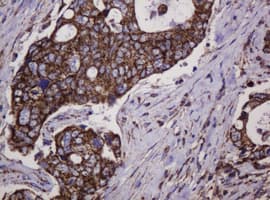 HSPD1 / HSP60 Antibody (clone OTI3G10)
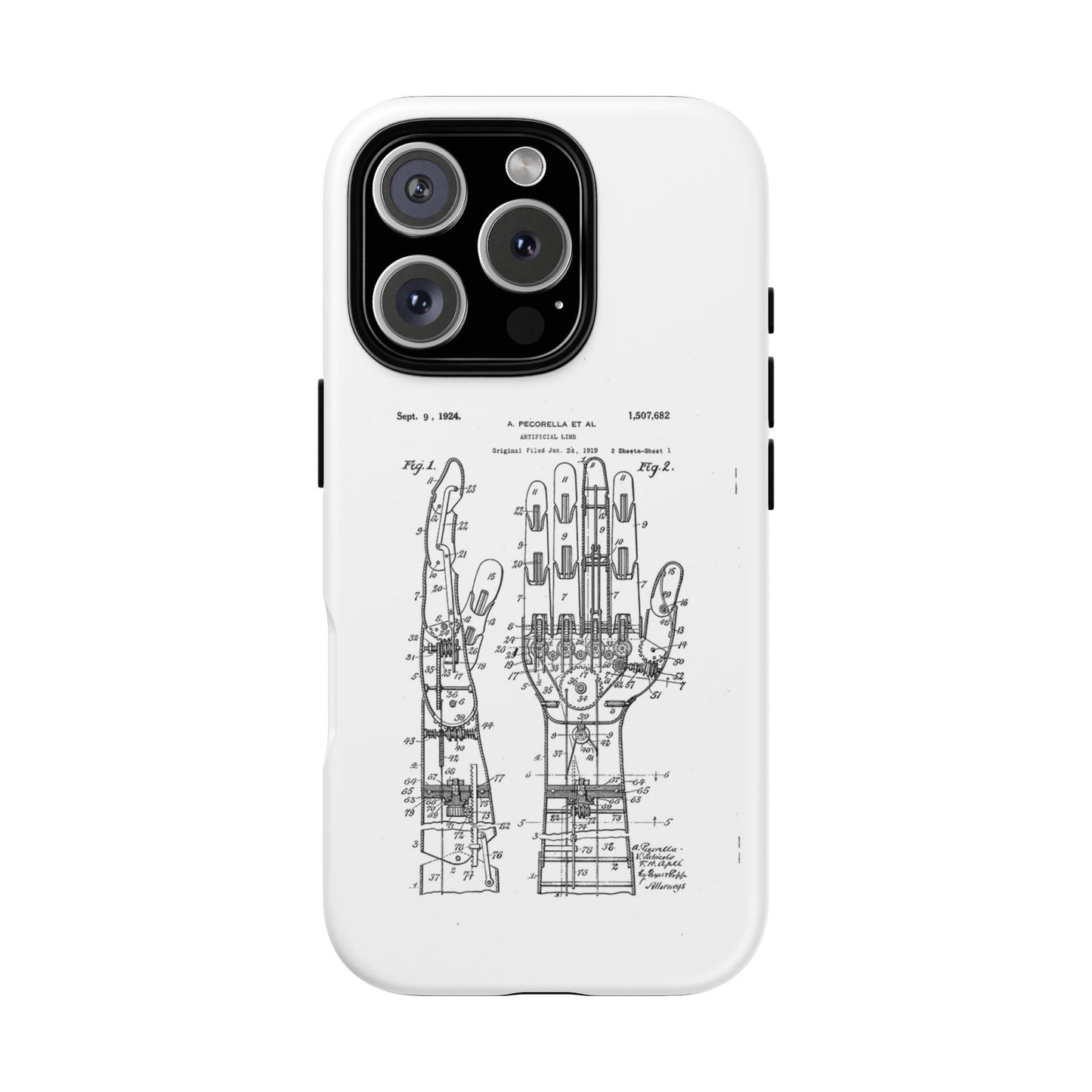 Anatomical Palm Patent Tough Phone Case — Vintage Hand Diagram iPhone Case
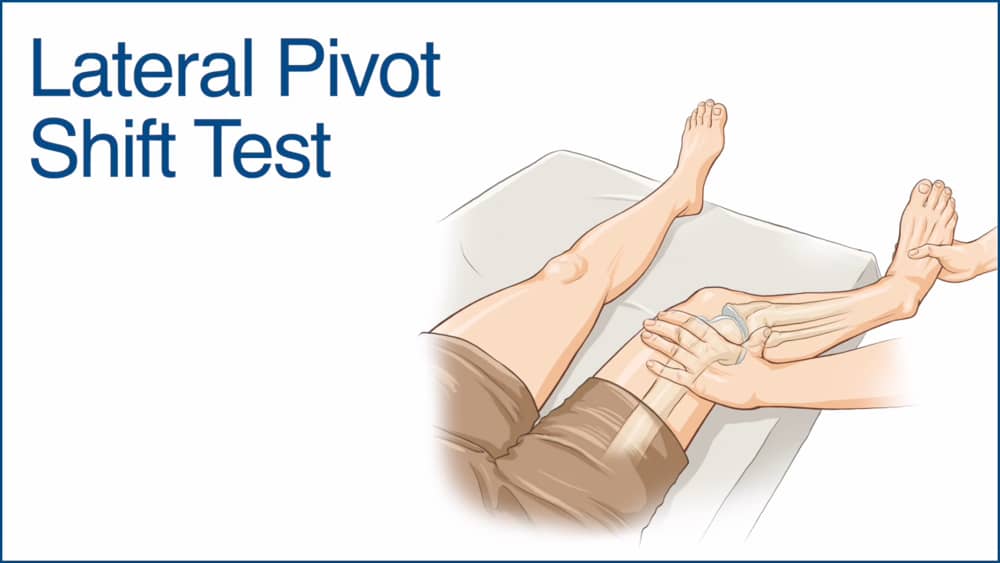 Video Lateral Pivot Shift Test Chiropractic Online Ce Com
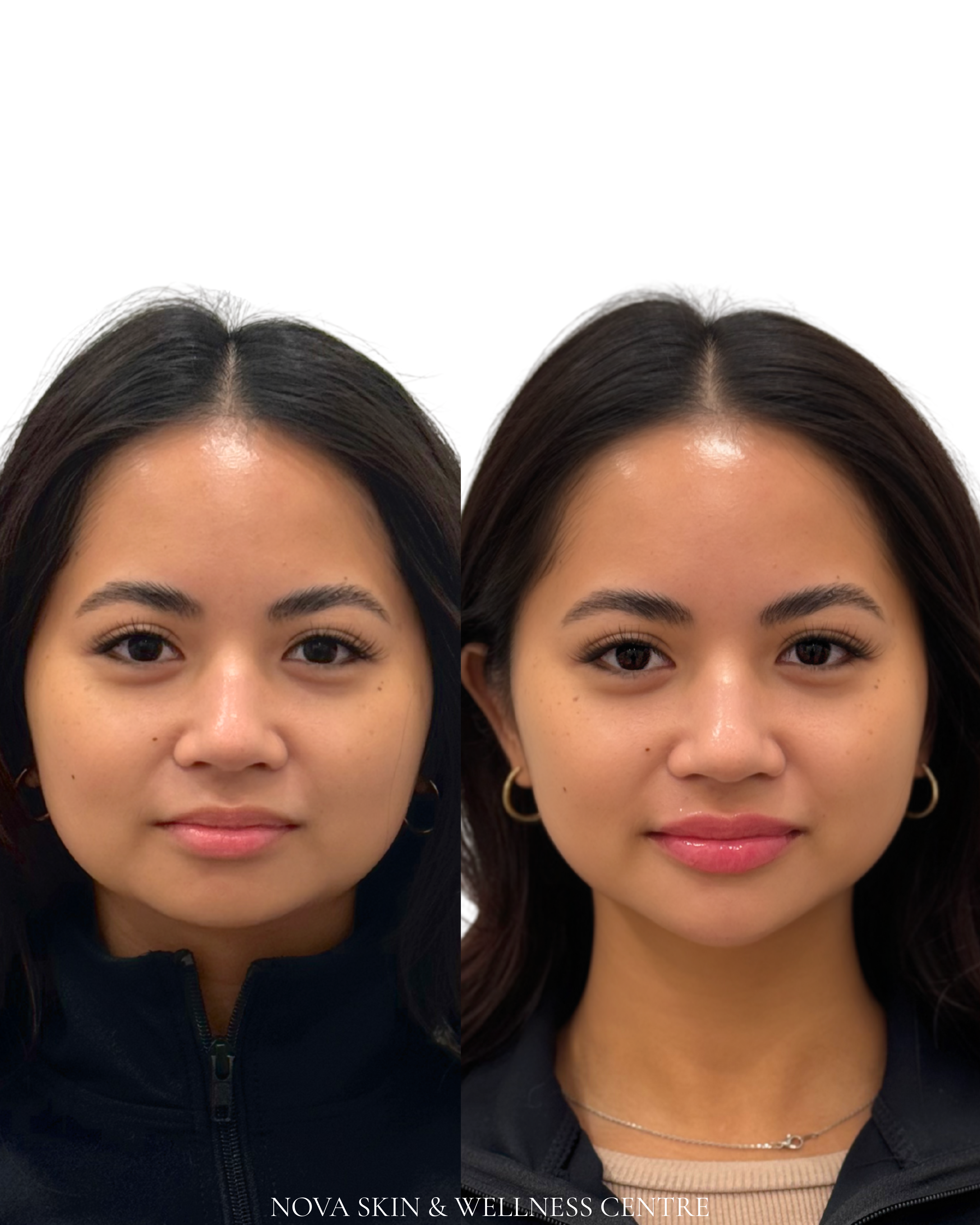 Nova Mini Lift before and after
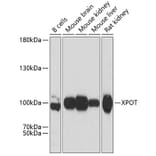 Western Blot - Anti-XPOT Antibody (A81114) - Antibodies.com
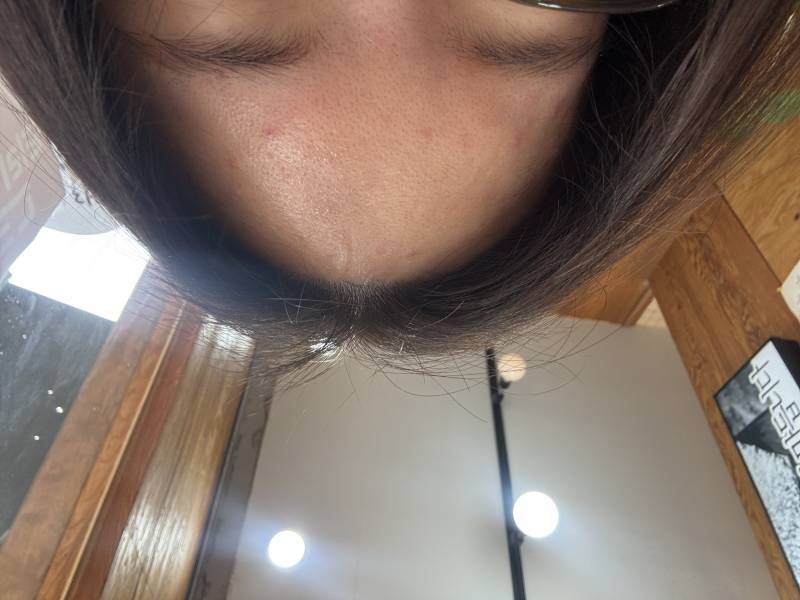 [잡담] (혐오주의) 이런 붉은기 도는 피부는 무슨 레이저 해야돼? ㅜㅜ | 인스티즈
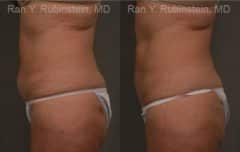 Coolsculpting Elite Before and After Photos in Newburgh, NY, Patient 12484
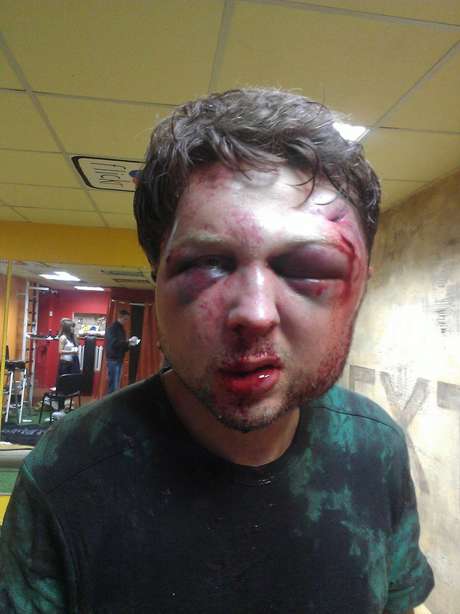 Imagem divulgada pelo Femen mostra Viktor Sviatski com as marcas da agressão <p>Imagem divulgada pelo Femen mostra Viktor Sviatski com as marcas da agressão</p>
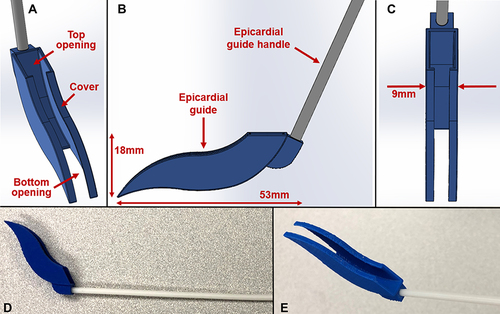 Figure 3 Design and prototype of the epicardial guide. The shape of the epicardial guide is designed to conform to the exterior surface of the heart. (A) Isometric view. The top opening allows for insertion of the superior suction base with the suction line and introducer arm attached. The bottom opening allows for the superior suction base to exit and continue on towards the target region on the heart, either anteriorly or posteriorly. The cover on opposite sides prevents premature exit of the superior suction base with an opening less than the width of the superior suction base introducer arm. (B) Side view. The epicardial guide handle is shown, controllable by the operator. (C) Top view. (D) and (E) Side and isometric views of the prototyped epicardial guide and handle.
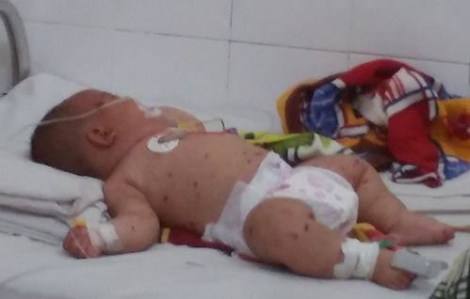 Hà Nội ghi nhận ca mắc não mô cầu đầu tiên trong năm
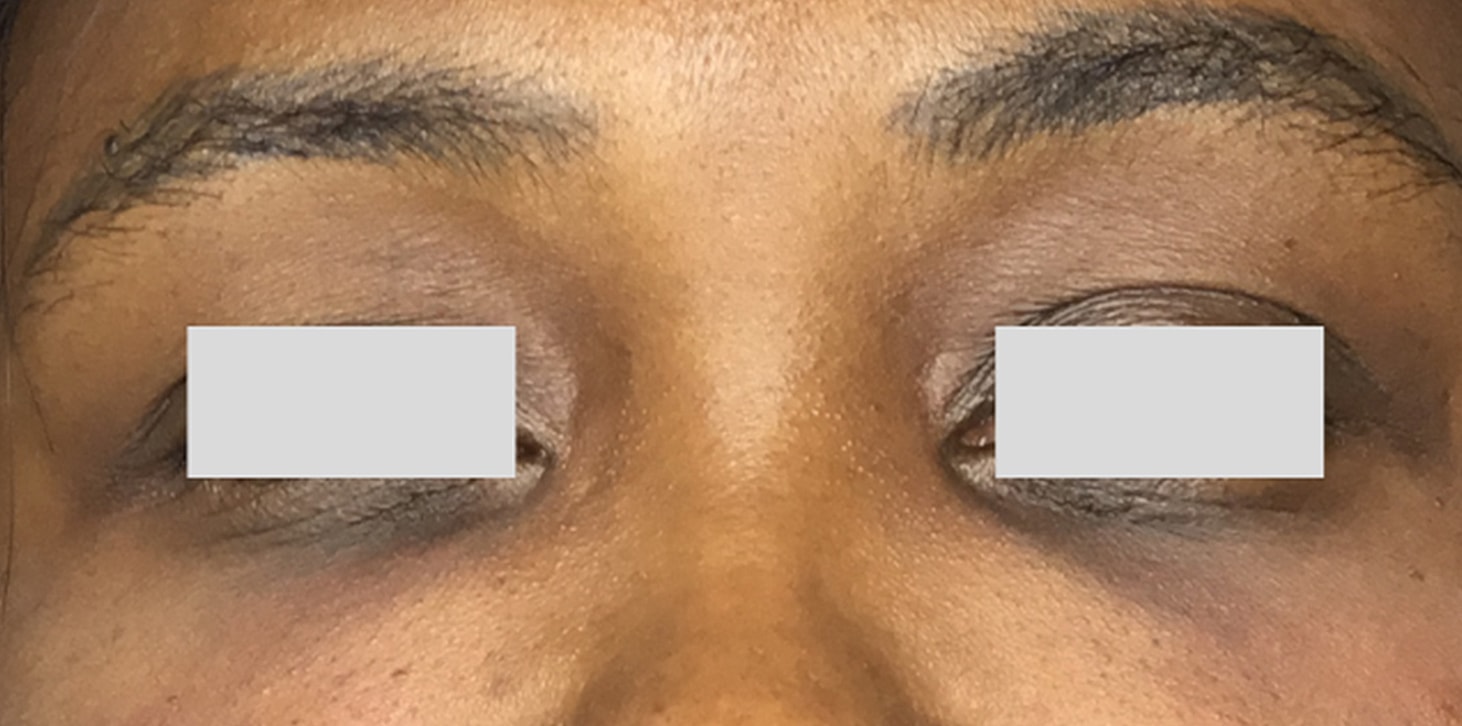 Tear Trough And Under Eye Fillers Before & After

********************

Your copy should match the records above exactly, except that it contains no pictures.

 HSPD1 / HSP60 Antibody (clone OTI3G10)
 Anatomical Palm Patent Tough Phone Case — Vintage Hand Diagram iPhone Case
 Video Lateral Pivot Shift Test Chiropractic Online Ce Com
 Nova Mini Lift before and after
 Western Blot - Anti-XPOT Antibody (A81114) - Antibodies.com
 [잡담] (혐오주의) 이런 붉은기 도는 피부는 무슨 레이저 해야돼? ㅜㅜ | 인스티즈
 Coolsculpting Elite Before and After Photos in Newburgh, NY, Patient 12484
 Imagem divulgada pelo Femen mostra Viktor Sviatski com as marcas da agressão <p>Imagem divulgada pelo Femen mostra Viktor Sviatski com as marcas da agressão</p>
 Figure 3 Design and prototype of the epicardial guide. The shape of the epicardial guide is designed to conform to the exterior surface of the heart. (A) Isometric view. The top opening allows for insertion of the superior suction base with the suction line and introducer arm attached. The bottom opening allows for the superior suction base to exit and continue on towards the target region on the heart, either anteriorly or posteriorly. The cover on opposite sides prevents premature exit of the superior suction base with an opening less than the width of the superior suction base introducer arm. (B) Side view. The epicardial guide handle is shown, controllable by the operator. (C) Top view. (D) and (E) Side and isometric views of the prototyped epicardial guide and handle.
 Hà Nội ghi nhận ca mắc não mô cầu đầu tiên trong năm
 Tear Trough And Under Eye Fillers Before & After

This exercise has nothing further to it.